Inspired by the unique juxtapositioning before them of historical Indian art with modern art-an Acoma olla placed on a table beneath two huge Jean Dubuffets and a colorful Calder mobile, for instance-the curators organized their discussion around seven aesthetic principles common to both: idea, emotion, intimacy, movement, integrity, vocabulary, and composition.
Bernstein is assistant director for Cultural Resources and McMaster (Plains Cree) is deputy assistant director for Cultural Resources, both at the Museum. They, along with Kuspit, professor of art history and philosophy at the State University of New York at Stony Brook, and Dubin, a scholar and lecturer, contributed several challenging and illuminating essays to the beautifully illustrated catalogue.
Bernstein and McMaster dissect many objects in the exhibit in terms of these seven principles, and by so doing, validate them not only as cultural artifacts, but as true works of art.
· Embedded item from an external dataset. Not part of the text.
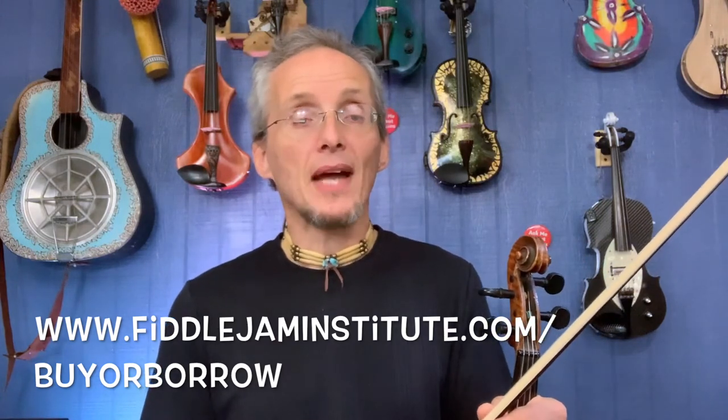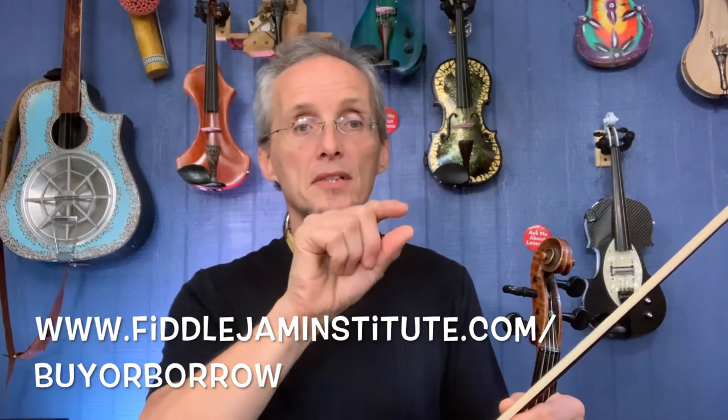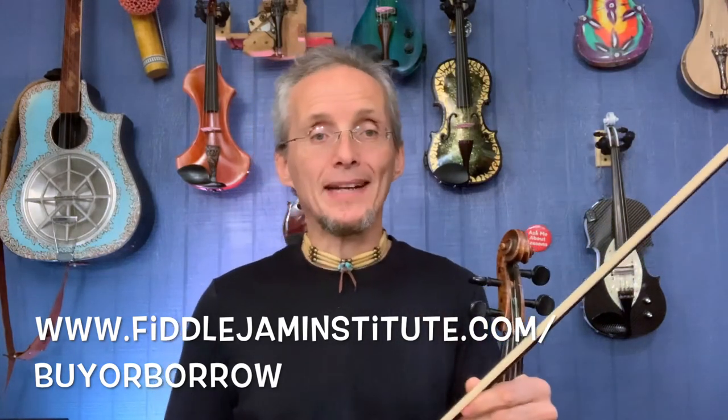Maybe you're going to take my course, the Bucket List Fiddle Jam. Maybe you're looking to just get one for your child. All the information is there — the best information I know. I've been playing for 50 years, been around this stuff, and have had thousands of students myself and helped them with this very subject. So check out Fiddle Jam Institute slash buy or borrow for a full report with multiple videos on different subjects. Hope that helps!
The creator of an exquisite Apache basket, dated approximately 1880 and woven of willow and yucca root, clearly thought about his composition of alternating bands of herders, animals, and perfectly repeated geometric shapes before beginning his piece. The iconography had been utilized by many before him, ensuring the basket’s integrity, and he knew that the meaning of the symbols he used-their tribal vocabulary-would be recognized for generations to come.
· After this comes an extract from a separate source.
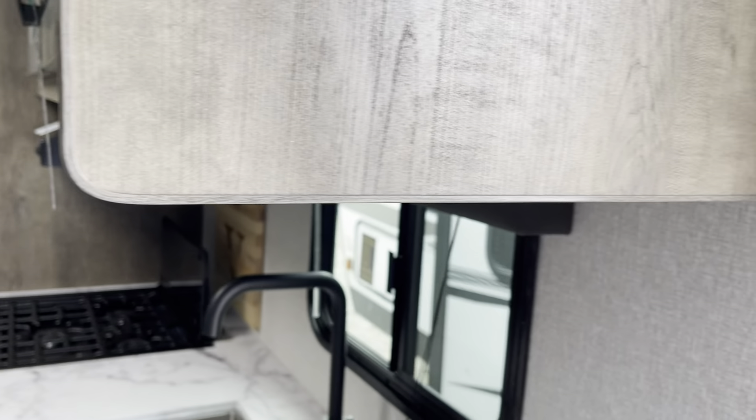The nice thing with the solar is all your controls are right here inside this cabinet — your light switches, awning, and your slide-out, with a plug-in and a little shelf you can put some things on. The entryway has a motion sensor light, so when you come in the door it will come on and light your area when you're coming in and out.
The exhibit’s aim is to bring such objects from the natural history museum to the art museum-just as the Dikers have done so eloquently in their own home-a move that changes the viewer’s perceptions. The authors feel that the artist’s times and surroundings should not be ignored, but moved into the background, for to be considered art (and not artifact) an object must be timeless. “When meanings are lost,” the authors explain, “then baskets become objects,” and not art.
Encapsulating the exhibit’s theme in his essay “The Spiritual Import of Native American Aesthetics,” Kuspit writes, “I want to de-emphasize the cultural, emphasize the aesthetic aspect-the sensuous elegance and power, which invariably signify spiritual depth and complexity-of Native American art.” With this exhibit and its superb catalogue, the National Museum of the American Indian is constructing a “new paradigm,” which allows Native art to be recognized as art, and which allows it to “engage in a dialogue” with other art forms-and invites the viewer to do so as well.